A word-for-word copy of the data, with no images, is the required answer.
DATA PROVIDED: Begin
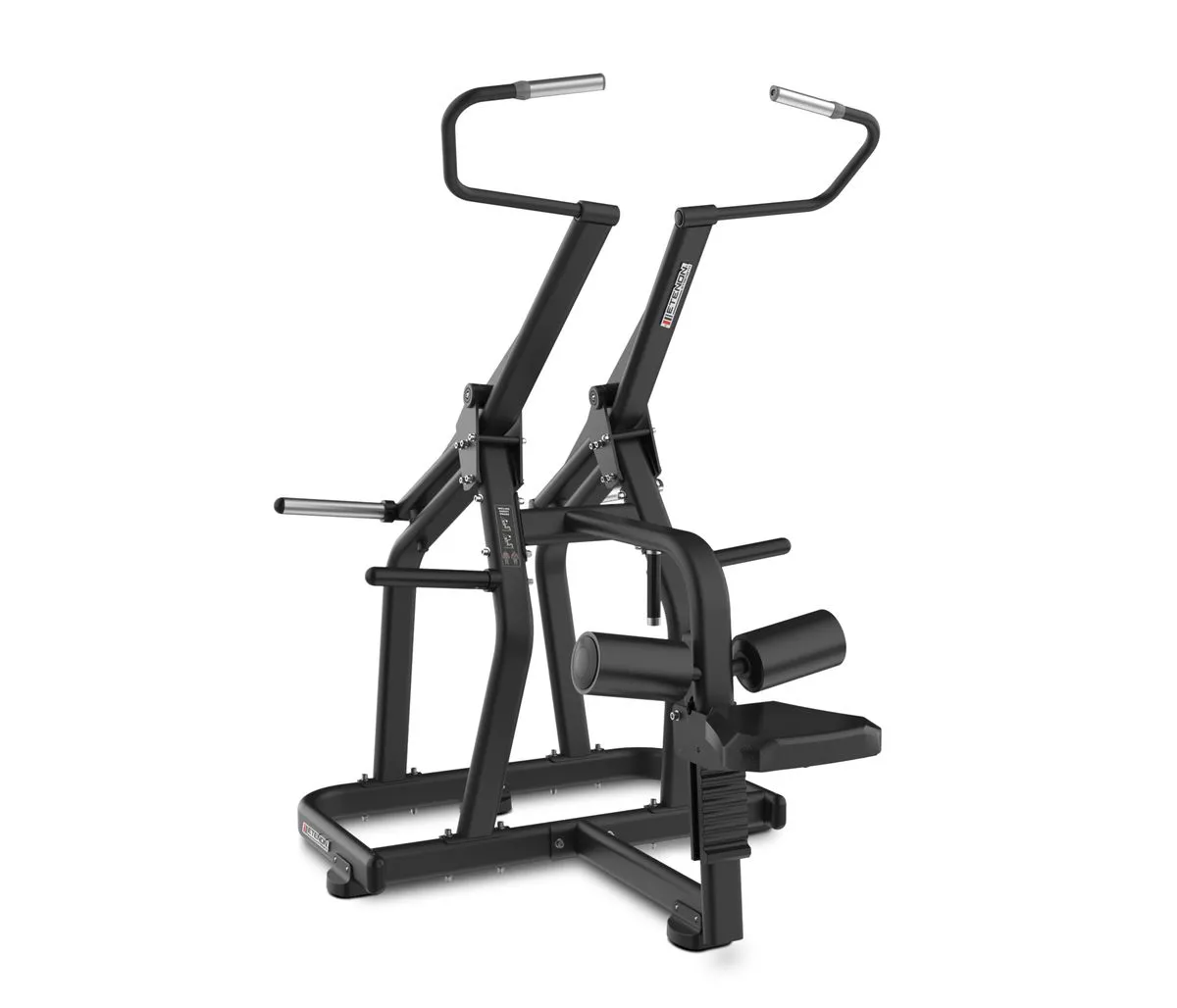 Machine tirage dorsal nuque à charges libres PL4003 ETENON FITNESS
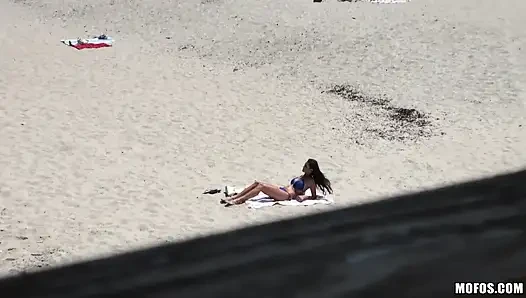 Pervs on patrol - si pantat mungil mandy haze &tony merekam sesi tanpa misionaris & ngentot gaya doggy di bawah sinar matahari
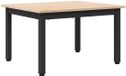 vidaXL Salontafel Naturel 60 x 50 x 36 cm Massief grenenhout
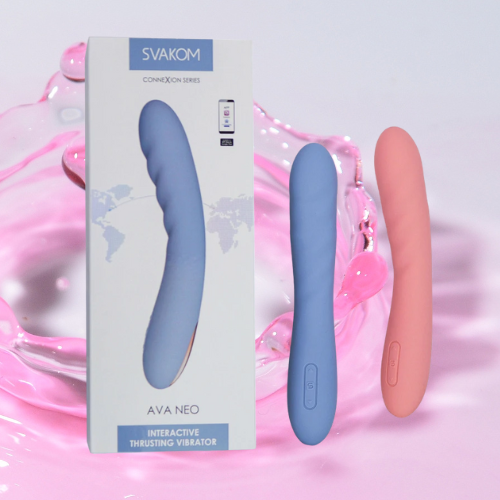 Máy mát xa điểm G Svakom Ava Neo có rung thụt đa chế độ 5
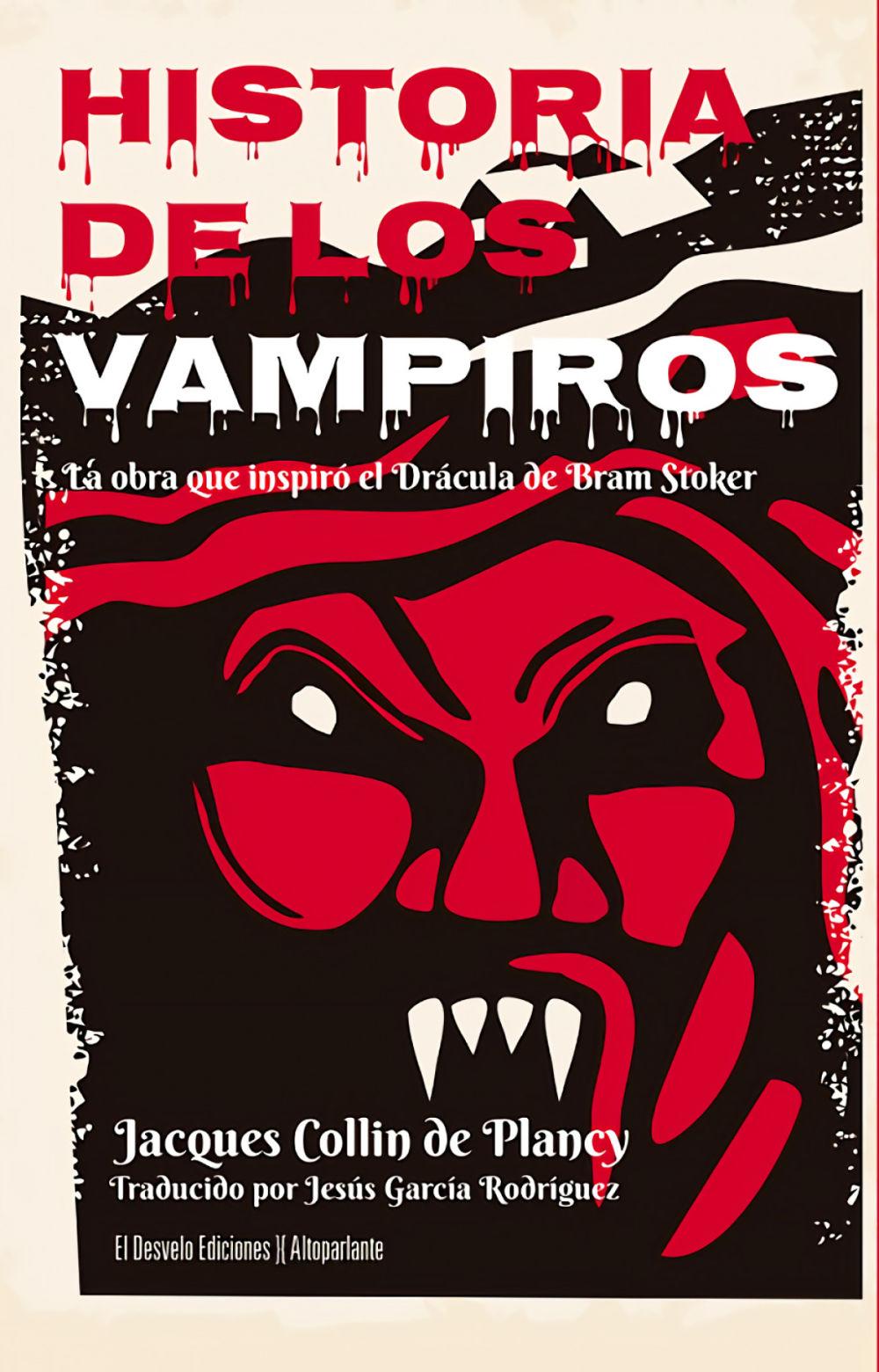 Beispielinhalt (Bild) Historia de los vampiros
DATA PROVIDED: End
● ANSWER SECTION:
 Machine tirage dorsal nuque à charges libres PL4003 ETENON FITNESS
 Pervs on patrol - si pantat mungil mandy haze &tony merekam sesi tanpa misionaris & ngentot gaya doggy di bawah sinar matahari
 vidaXL Salontafel Naturel 60 x 50 x 36 cm Massief grenenhout
 Máy mát xa điểm G Svakom Ava Neo có rung thụt đa chế độ 5
 Beispielinhalt (Bild) Historia de los vampiros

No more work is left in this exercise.